Similarly, the survey by BMG Research for The Independentsuggests that opinion about the target may now be more nuancedthan those who defend it suggest. A total of 47 per cent of people support abandoning the target or raising the cap. When “don’t knows” are excluded, 54 per cent want to ditch the target and 46 per cent want to keep the cap or lower it.
There may also be a growing recognition amongst the public that the rigid target has perverse effects, such as deterring foreign students from coming to the UK – undermining one of the country’s most successful sectors. The target also provides an excuse to stick with discredited policies such as the cap on skilled workers from outside the EU, which has prevented the NHS from recruiting the doctors and nurses it urgently needs.
The Independent welcomes the apparent shift in public opinion. We have consistently opposed the back-of-an-envelope policy announced hastily by David Cameron in the run-up to the 2010 general election, and have exposed its shortcomings in our Drop the Target campaign with the Open Britain group.
It is now rather misleading to describe the target as the government’s policy; it would be more accurate to say it is the prime minister’s. She is increasingly isolated on the issue in her own party. Cabinet ministers have rightly forced her to ease the cap on visas for foreign doctors and nurses. They scent victory in their efforts to ensure that overseas students are finally taken out of the target, despite Ms May’s longstanding opposition.
Sajid Javid would not normally have been the prime minister’s first choice as home secretary when Amber Rudd resigned in April amid the Windrush scandal, because he had been willing to stand up to Ms May in his previous jobs. But in the circumstances, she acknowledged he was the right choice.
Mr Javid has lived up to his word, on his appointment, about being his own man. He used his position of strength, and Ms May’s relative weakness, to dump her “hostile environment” policy on illegal immigration, which she put in place as home secretary, which allowed the Windrush affair to happen.

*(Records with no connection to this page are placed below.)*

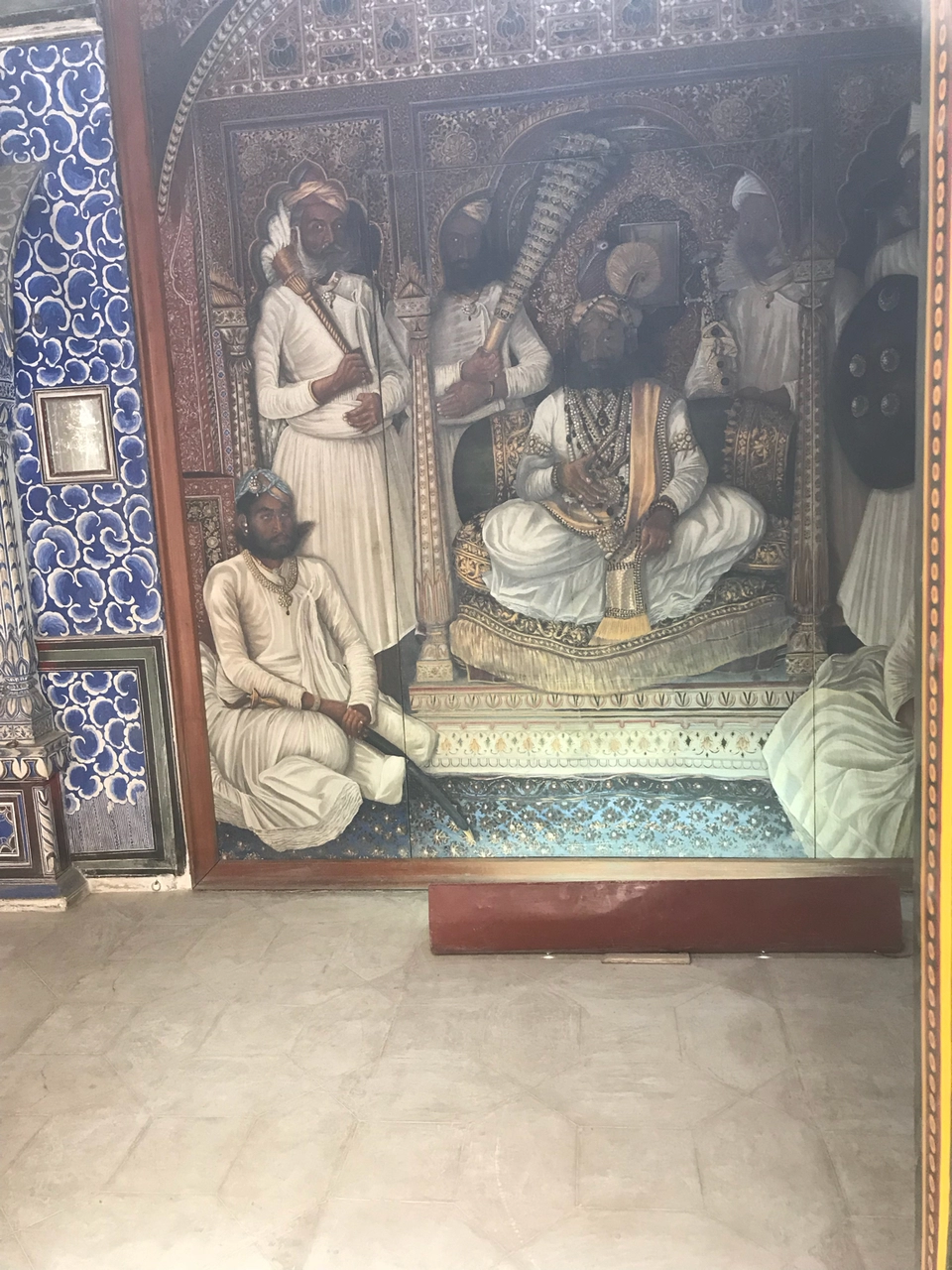 Photo of Junagarh Fort, Bikaner Rajasthan by Yogi Charan
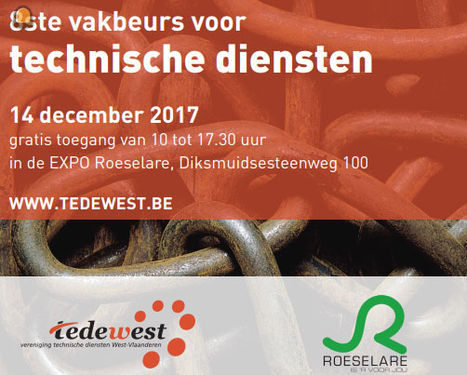 8ste Vakbeurs voor techni...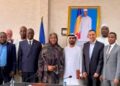 Tchad : Le ministère des Mines et du Pétrole échange avec la délégation TEJARA-Tytan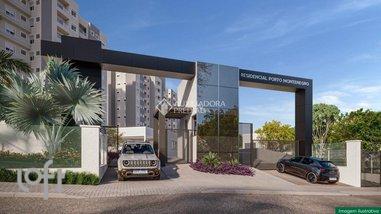 apartment em Francisco Silveira Dias Filho, Jardim Itu-Sabará - Porto Alegre - RS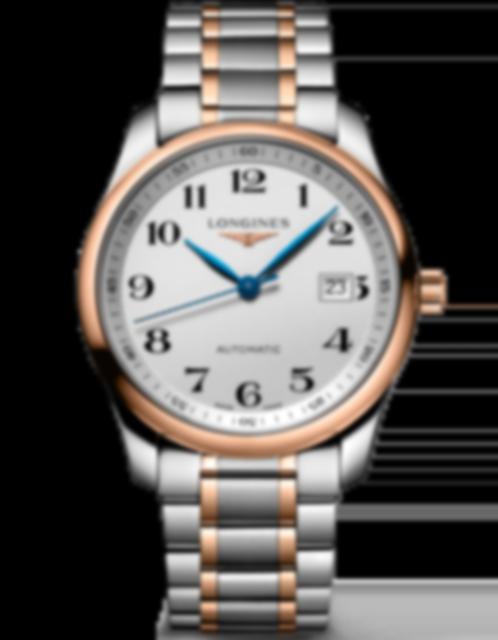 Men's watch / unisex LONGINES, Master Collection / 40mm, SKU: L2.793.5.79.7 | watchphilosophy.co.uk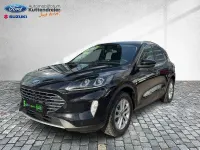 Gebraucht Ford Kuga Titanium X 190 PS (139 kW) 2023 Schwarz SUV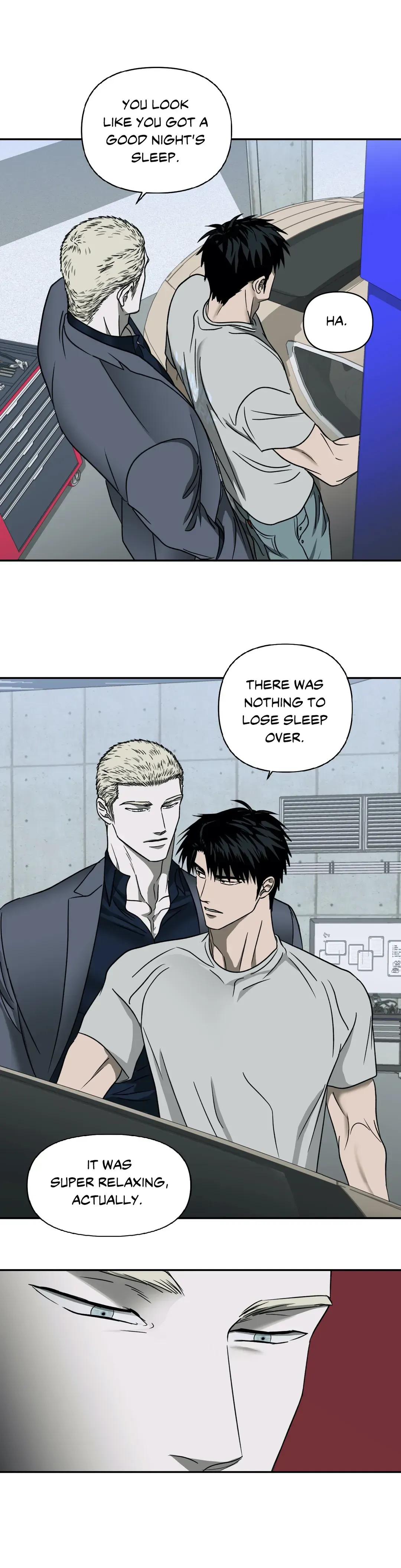 Shut Line Chapter 12 Online - página 25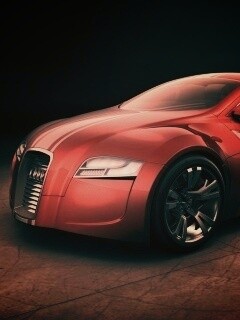 Ауди R Zero обои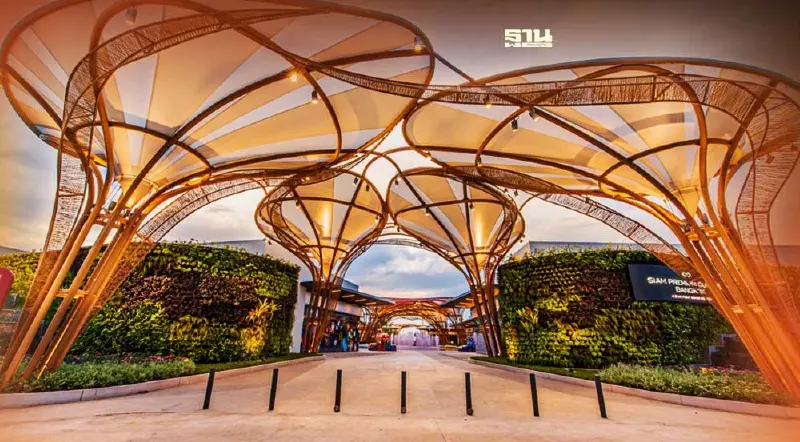 จูงมือแบรนด์เนม กระหน่ำลดฉลอง 2 ปี “สยาม พรีเมี่ยม เอาท์เล็ตฯ”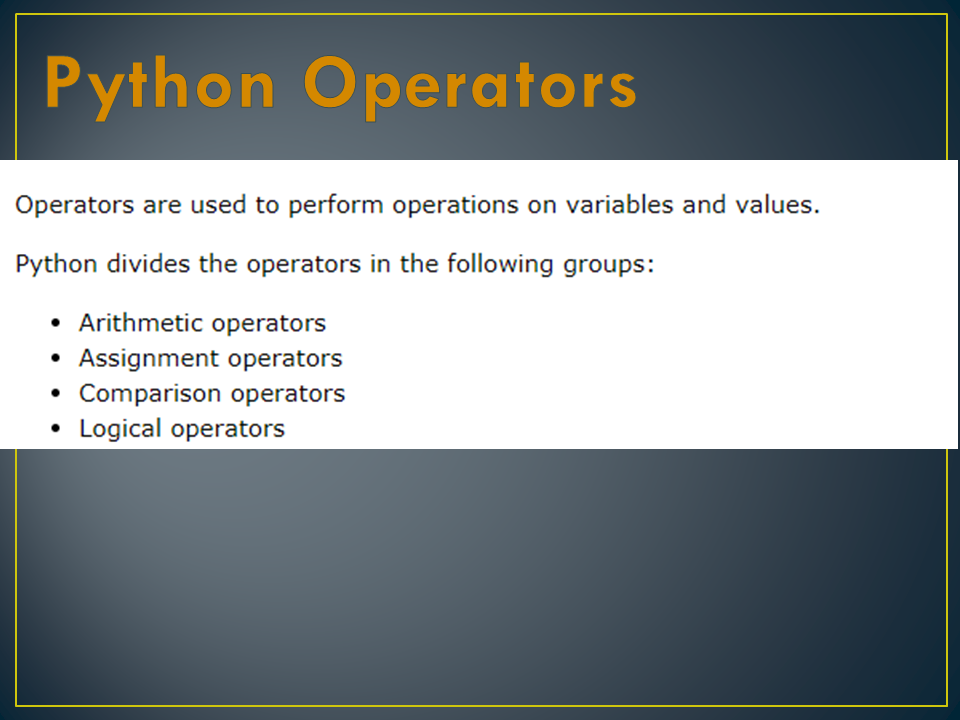 CS Basic Tutor : Activities for students: Python Programming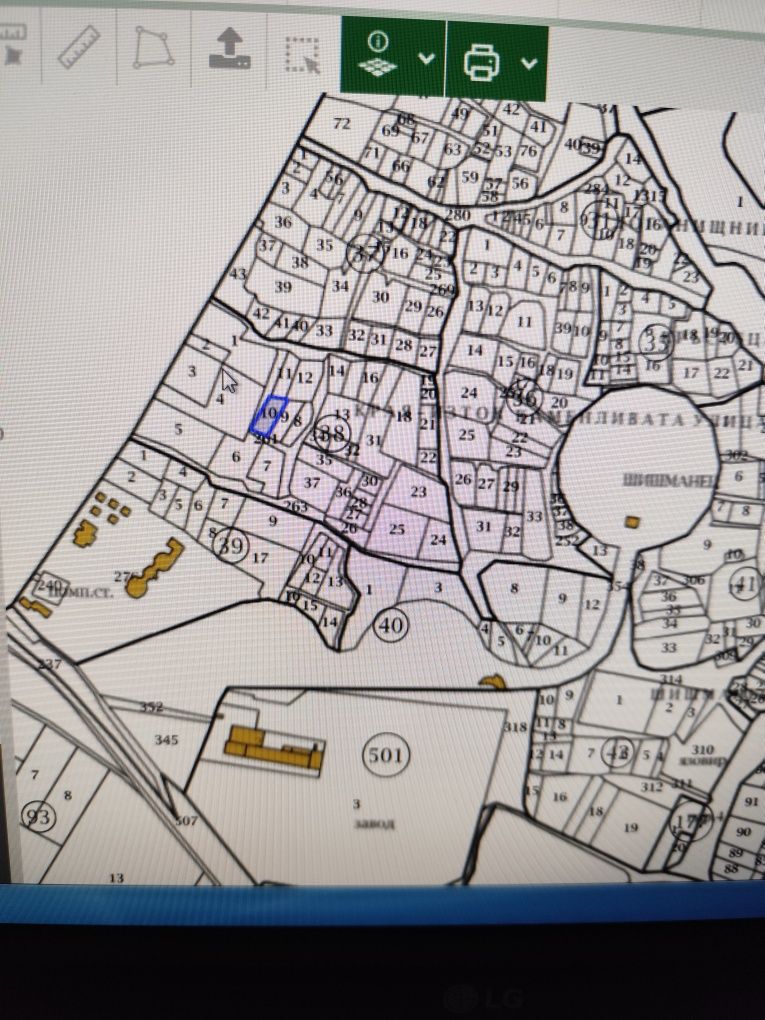 Продава се Парцел в Шипка - 526 кв.м за 8 €/кв.м - Снимка #1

Mr Javid is now drawing up the post-Brexit regime for EU migrants. A white paper and immigration bill are long overdue. The home secretary should resist pressure from Downing Street to rush out his policy ahead of parliament’s summer break. He would be wise to wait until after the independent Migration Advisory Committee reports in September. It is likely to highlight how British business will continue to need EU migration.
The government might also need to allow something close to the current free movement system in order to win access to the single market and protect British jobs – that would be a sensible trade-off.
To answer critics who would then accuse her of not honouring the Brexit referendum result, Ms May might be tempted to stick to her migration target as a fig leaf and signal that she is still tough on immigration. Mr Javid, who pays lip service to the target on the grounds that it was in last year’s Tory manifesto, should use his strength to persuade Ms May to drop it.
So opinion appears to be shifting. Some people who worried about immigration may feel the vote in favour of Brexit will sort the problem. Indeed, net migration has fallen from 336,000 to 244,000 a year since 2015, due largely to the “Brexit effect” on EU migration. But it is still running at a level which shows how unrealistic the target remains, and it is an open secret that it will not be met.